Epstein’s critique of the card check provisions as abridging free speech rights is intriguing and of particular importance to small businesses. A card check campaign can be conducted clandestinely — think of how you could organize a shop of 20 people over a weekend just by going door to door — depriving an employer of his rights to make the case against unionization.
But Epstein’s analysis is even more persuasive when applied to the binding arbitration provisions. Under the Employee Free Choice Act, both employer and the newly recognized union would have to agree on a first contract within 120 days. If not, then a government arbitrator — an arbitration panel — imposes a two-year contract on both parties. Epstein:
The government-chosen panel could well impose terms that might cripple the firm competitively. Consider that the takings clause surely prevents the government from forcing any person to buy real estate for twice its market value from a seller. That same principle applies to this labor law: No government should be able to force a firm to hire labor at $50 per hour when the company is not willing to pay half that much.
Worse, the EFCA also permits the government arbitrator to strip the employer of all its standard management prerogatives on everything from subcontracting out to promotion policy. By flatly denying the employer any option to walk away, mandatory arbitration under the EFCA runs smack into the takings clause.
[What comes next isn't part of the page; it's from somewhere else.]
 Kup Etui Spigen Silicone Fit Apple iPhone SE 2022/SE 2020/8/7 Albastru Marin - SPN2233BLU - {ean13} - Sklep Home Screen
Arguments in the 2007 Congressional debate against the Employee Free Choice Act focused primarily on the card check provisions and their destruction of secret-ballot elections in the workplace. The anti-democratic nature of those provisions gave — and still gives — opponents a powerful political weapon, a campaign issue. People want to vote in private, period.
But as time passes, the forced arbitration provisions are coming to the fore. Employers recognize that an imposed contract eliminates the ability to operate a business the way they see fit, and a flawed contract could put them out of business, period. That practical threat, now combined with Epstein’s legal analysis, reveals the Employee Free Choice Act to be a serious, even existential threat to American businesses and a competitive economy. And it means the bill is not one that can be compromised, but only killed.